Power

Top Komen Staffer Quit Over Policy Targetting Planned Parenthood; Others Point to Politics Behind Decision

Writing in The Atlantic, Jeffrey Goldberg reports that sources with direct knowledge of the Komen decision-making process said recent policies were adopted specifically to cut funding to Planned Parenthood.

Screenshot of a retweet by Handel earlier today (subsequently deleted). See footnote. [img src]

Updated 2:32 pm, Thursday, February 2, 2012: CBS News LA reports that the head of the LA Chapter of the Susan G. Komen for the Cure Foundation has resigned over “decisions made [by Komen National] in the past year.”

See all our coverage of the Susan G. Komen Foundation’s break with Planned Parenthood here.

Writing in The Atlantic today, Jeffrey Goldberg provides substance to what most of us already knew: the Susan G. Komen Foundation’s decision to eliminate breast-cancer screening grants to Planned Parenthood affiliates was politically motivated.

You don’t have to be a rocket scientist to put these things together:

  • Komen hires Karen Handel, far-right former GOP Georgia gubernatorial candidate who campaigned in part on de-funding Planned Parenthood, Healthy Babies Initiatives and other services for poor women, and who has openly expressed hostility with Planned Parenthood’s “mission.”
  • Komen puts on their board Jane Abraham, Chair of the Susan B. Anthony List, major anti-choice political organization, for which de-funding Planned Parenthood is a major goal, and which engages in misinformation campaigns about Planned Parenthood funding, services, abortion and breast cancer links, and other issues.
  • Both of the above are strongly allied with groups boycotting Planned Parenthood.

But Goldberg talked to three sources with “direct knowledge of the Komen decision-making process” who told him that “the rule was adopted in order to create an excuse to cut-off Planned Parenthood.”

Goldberg writes:

The decision to create a rule that would cut funding to Planned Parenthood, according to these sources, was driven by the organization’s new senior vice-president for public policy, Karen Handel, a former gubernatorial candidate from Georgia who is staunchly anti-abortion and who has said that since she is “pro-life, I do not support the mission of Planned Parenthood.” (The Komen grants to Planned Parenthood did not pay for abortion or contraception services, only cancer detection, according to all parties involved.) I’ve tried to reach Handel for comment, and will update this post if I speak with her.

But in Goldberg’s words, “the decision, made in December, caused an uproar inside Komen,” and led Mollie Williams, the organization’s top public health official, to resign immediately in protest. Williams was the managing director of community health programs and directed distribution of $93 million in annual grants.
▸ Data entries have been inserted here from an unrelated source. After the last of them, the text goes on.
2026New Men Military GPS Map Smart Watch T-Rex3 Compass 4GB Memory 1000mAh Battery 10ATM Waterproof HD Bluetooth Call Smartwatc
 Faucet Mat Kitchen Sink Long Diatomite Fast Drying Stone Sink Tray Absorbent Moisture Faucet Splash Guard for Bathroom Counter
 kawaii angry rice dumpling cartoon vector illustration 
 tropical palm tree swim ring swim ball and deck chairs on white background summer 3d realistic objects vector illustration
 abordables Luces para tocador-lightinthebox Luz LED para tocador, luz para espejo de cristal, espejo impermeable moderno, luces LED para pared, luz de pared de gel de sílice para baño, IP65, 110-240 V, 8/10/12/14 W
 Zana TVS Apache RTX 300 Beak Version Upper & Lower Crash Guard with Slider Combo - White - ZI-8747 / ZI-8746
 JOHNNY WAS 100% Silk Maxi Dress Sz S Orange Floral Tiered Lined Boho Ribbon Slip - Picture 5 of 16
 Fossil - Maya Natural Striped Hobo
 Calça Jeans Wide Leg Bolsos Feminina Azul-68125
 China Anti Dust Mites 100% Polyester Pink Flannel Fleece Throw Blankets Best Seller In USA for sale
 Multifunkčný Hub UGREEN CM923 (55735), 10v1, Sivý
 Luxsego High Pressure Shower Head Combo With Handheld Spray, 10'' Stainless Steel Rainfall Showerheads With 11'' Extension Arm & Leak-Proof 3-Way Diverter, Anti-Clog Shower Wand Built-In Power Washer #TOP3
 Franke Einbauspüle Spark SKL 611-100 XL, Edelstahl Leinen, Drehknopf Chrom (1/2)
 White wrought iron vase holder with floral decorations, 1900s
While Williams declined to speak to Golderg, John Hammarley, “who until recently served as Komen’s senior communications adviser and who was charged with managing the public relations aspects of Komen’s Planned Parenthood grant, said that Williams believed she could not honorably serve in her position once Komen had caved to pressure from the anti-abortion right.”

“Mollie is one of the most highly respected and ethical people inside the organization, and she felt she couldn’t continue under these conditions,” Hammarley said. “The Komen board of directors are very politically savvy folks, and I think over time they thought if they gave in to the very aggressive propaganda machine of the anti-abortion groups, that the issue would go away. It seemed very short-sighted to me.”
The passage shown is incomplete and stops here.